Человек однажды утром подходит к зеркалу и застывает перед ним — так можно пересказать завязку перформанса, которая фактически исчерпывает его сюжет. Человека зовут Евгений Левинсон, он именитый архитектор, основоположник массового жилищного строительства Ленинграда, автор проектов в том числе станции метро «Автово», ДК Ленсовета и бывшего жилмассива «Совторгслужащий» по адресу Каменноостровский, 55, в котором сейчас располагается театр «Особняк». Так что «Сон Левинсона» поначалу кажется чем-то вроде спиритического сеанса, попыткой вызвать гения места, чтобы выяснить у него, каково это — быть творческим человеком, авангардистом-мечтателем в 20-30-е годы XX века в СССР? Чего стоит не просто выжить, но сохранить себя и добиться успеха? Однако вскоре выясняется, что всё, с одной стороны, гораздо проще, с другой — куда сложнее.

Мост между конкретным 2025-м и абстрактным 1925-м строится с помощью звука — дорогу прокладывает музыкальное полотно, которое специально для «Сна» создали Владислав Федоров и Ярослав Коваленко, основатели творческого объединения mader nort. Сделав, к слову, таким образом закономерный шаг на своем пути амбассадоров музыкального минимализма: кажется, в последние несколько лет никто в Петербурге не играет Симеона Тен Хольта, Джона Кейджа и так далее чаще, чем они. Музыка к «Сну Левинсона» отсылает то к Canto Ostinato Тен Хольта, то к Marimba Phase Стива Райха и в целом представляет собой классический минималистский опус — разве что смонтированный из нескольких частей и для атмосферности дополненный шумовой партитурой. Это очень логичная параллель: архитектуру не зря называют застывшей музыкой, а здания конструктивиста-Левинсона могли бы звучать именно так.

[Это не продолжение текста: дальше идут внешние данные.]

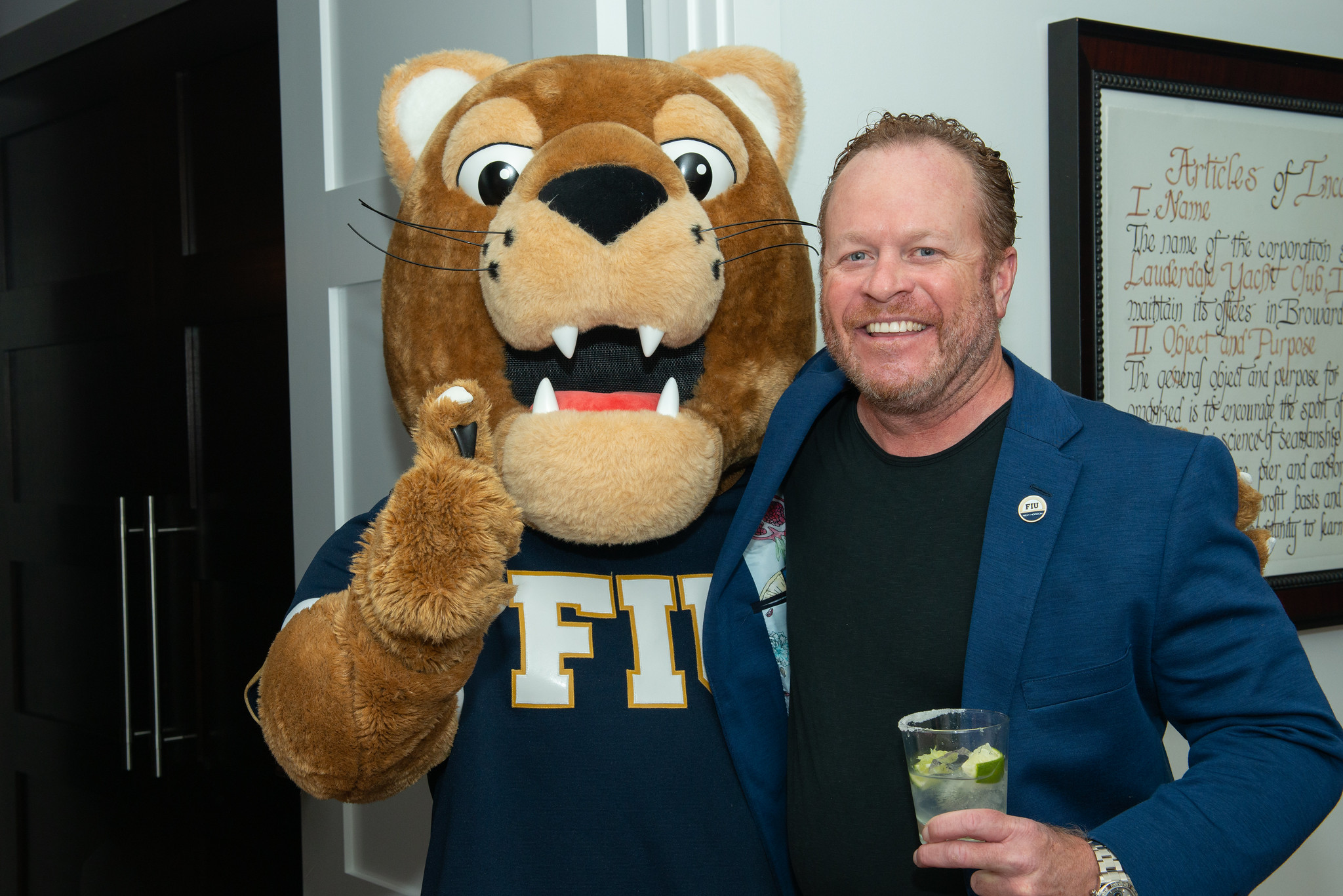 Chad Moss '94 and Roary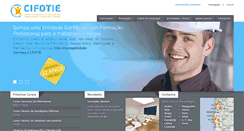 Desktop Screenshot of cifotie.com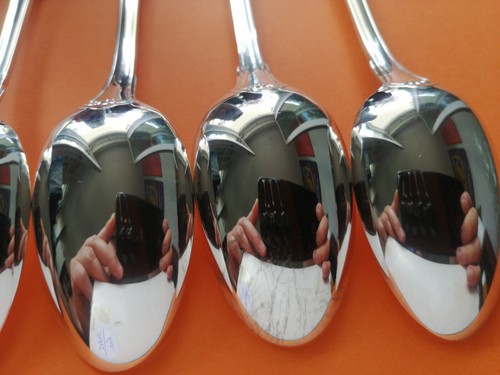 VENDOME Christofle Silver-plate entremets dessert salad spoons 6 6/8" / 17 cms - Picture 12 of 24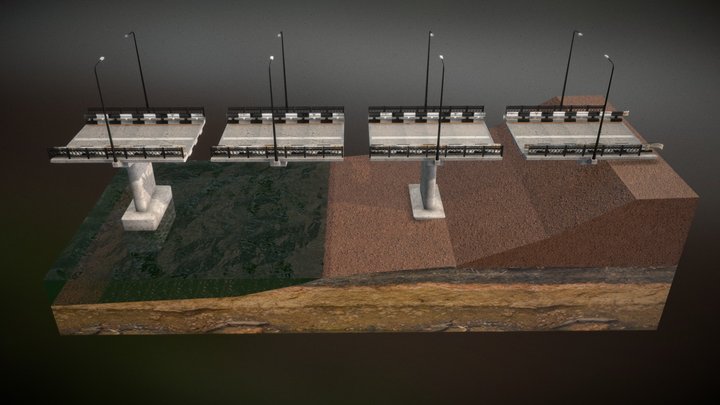 Bridge for cars 3D Model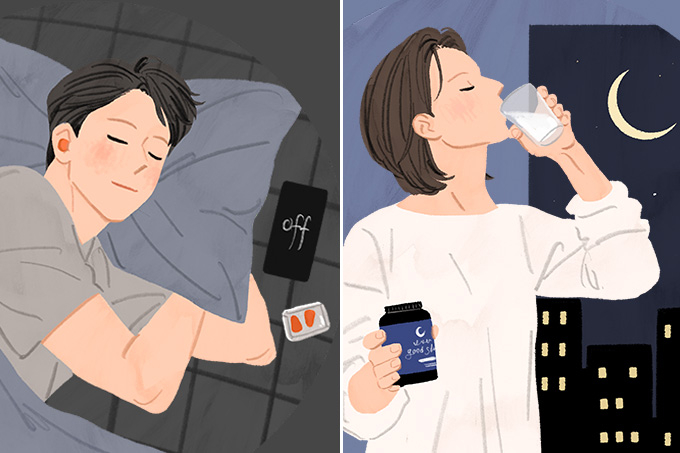 '슬립맥싱'이 유행하고 있는 가운데 한국에서도 귀마개 등 숙면을 돕는 제품을 찾는 소비자가 늘어나고 있다. /사진=클립아트코리아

Музыка минимализма строится, как из кирпичей или блоков, из простейших звуковысотных и ритмических ячеек. Ее приемы — неуклонно пульсирующий ритм, повторение и неуловимое изменение звуковых элементов, «фазовый сдвиг», когда унисон начинает «расслаиваться» — перезапускают у слушателя восприятие времени и развертывают перед ним альтернативное пространство для мыслей и чувств. Выражаясь конкретнее, она забирает у слушателя две важных категории восприятия — память и ожидание: в ней нечего запоминать и предугадывать. Так что можно не следить, не анализировать, не расшифровывать, а просто быть с собой. В точности как Левинсон, который застыл у зеркала.

Чужая душа — потемки, хотя коммунисты в душу не верили, так что «душа» здесь, наверное, можно заменить на «голова». И мы, кажется, оказываемся в голове Левинсона — зыбком, полуфантастическом пространстве иной физики (за которое спасибо и браво художнику по свету Василию Ковалеву) — но оказываемся бессильны найти там хоть какие-то готовые решения. И эпизод с вытаскиваемой из высокой стопки обувной коробкой, который врезается в память как раз из-за слома представлений о местной физике, кажется ключевым для осознания этого простого факта: чтобы понимать другого, нужно ходить в его ботинках, чтобы понимать эпоху, нужно жить в ней.

Миг, развернутый куда-то вглубь, длится бесконечно, стена звука переливается, как стекло, и лицо, которое ты видишь в отражении, оказывается не левинсоновским, а твоим собственным. На все твои вопросы тебе самому и отвечать. Хотя можно не отвечать (а также не следить, не анализировать, не расшифровывать), а просто быть.